Come dicevo prima, ho disegnato tante cose, spesso diverse tra loro. Non mi pongo limiti in questo senso. La mia ricerca e la mia sperimentazione è sempre stata variegata. In genere mi sono sempre lasciato trasportare da ciò che mi attrae e mi stimola. Lavoro su carta, legno, tela, muro, qualche volta metallo. Mi piace sperimentare. Tendenzialmente progetto i miei muri su carta, da un po’ di tempo anche su ipad, li riproduco su muro senza particolari tecniche di riproduzione. Alla vecchia, bozza e poi muro.
Parlaci di come definiresti concettualmente l’espressione artistica che c’è dietro ai tuoi disegni e dello studio del tuo lettering.
La mia “merda” è a metà tra surrealismo e illustrazione, le lettere sono gli attori protagonisti del mio mondo fantastico. Mi piace definirmi uno street surrealist.
A quali artisti (non solo writers) ti ispiri o ti sei ispirato e quali sono i passaggi della storia del writing che devono essere tramandati secondo te?
Tra i tanti artisti che mi hanno sicuramente in qualche modo influenzato mi sento di nominare: Leonardo Da Vinci, Escher, Dalì e Bosch. Tanti writer che hanno fatto la storia come: Seen, Vulcan, Phase2, Daim, Seak, Korvo, Blef, SirTwo, ZedOne, Etam cru, Dado, ShaOne, Boost, Kaf, Zar. Per me questi sono alcuni mostri sacri, tanto diversi tra di loro, ma in qualche modo ognuno di loro han profondamente segnato il mio percorso.
Parlaci del bagaglio culturale e di esperienze che hai acquisito dalle tue collaborazioni con le gallerie d’arte estere? E delle differenze che hai potuto riscontrare con le gallerie d’arte in Italia?
Il mio rapporto con le gallerie è stato breve ma intenso. Ho bellissimi ricordi e soddisfazioni delle mie esposizioni all’estero, su tutte Los Angeles e Barcellona. Non posso dire lo stesso per l’Italia, ahimè. In questo caso tanti i sacrifici, meno le gratificazioni. Tante anche le delusioni.
Hai progetti futuri? Dove ti vedi un domani?
Il mio progetto per il futuro è mantenere acceso questo fuoco.

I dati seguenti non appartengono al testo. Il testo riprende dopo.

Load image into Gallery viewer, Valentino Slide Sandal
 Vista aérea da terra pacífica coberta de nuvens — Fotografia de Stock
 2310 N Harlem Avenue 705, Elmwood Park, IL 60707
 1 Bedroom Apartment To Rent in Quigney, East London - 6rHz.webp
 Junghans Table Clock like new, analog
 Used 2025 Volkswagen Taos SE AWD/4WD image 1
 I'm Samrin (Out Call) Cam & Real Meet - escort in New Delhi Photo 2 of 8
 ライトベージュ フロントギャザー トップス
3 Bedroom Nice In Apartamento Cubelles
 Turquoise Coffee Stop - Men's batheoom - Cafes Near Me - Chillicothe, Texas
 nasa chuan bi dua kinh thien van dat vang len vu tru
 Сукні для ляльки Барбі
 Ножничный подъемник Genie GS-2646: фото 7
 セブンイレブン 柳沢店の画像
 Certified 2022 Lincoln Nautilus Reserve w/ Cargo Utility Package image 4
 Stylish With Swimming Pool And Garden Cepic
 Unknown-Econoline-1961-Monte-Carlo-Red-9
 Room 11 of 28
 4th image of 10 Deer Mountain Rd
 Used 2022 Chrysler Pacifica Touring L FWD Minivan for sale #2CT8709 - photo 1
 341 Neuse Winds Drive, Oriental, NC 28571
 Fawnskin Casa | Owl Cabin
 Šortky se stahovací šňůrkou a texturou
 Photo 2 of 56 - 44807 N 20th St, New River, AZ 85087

Sul domani, mi piace non mettere limiti alla provvidenza 😀 Sicuramente mi vedo sul muro con la mia crew.
Che insegnamenti di vita hai tratto da questa nobile arte e che consigli daresti ai ragazzini che si approcciano a questo fenomeno?
Per quanto mi riguarda il writing è una vera e propria scuola di vita, uno sport agonistico, una passione che ti prende totalmente. Il suggerimento che posso dare è questo: allenatevi tanto, disegnate traendo ispirazione dal passato rispettandolo e guardando al futuro cercando di trovare la propria strada, e poi girate, condividete esperienze reali, confrontatevi anche quando è amaro. Internet è una bellissima finestra sul mondo, ma è solo una finestra e non basta per crescere davvero.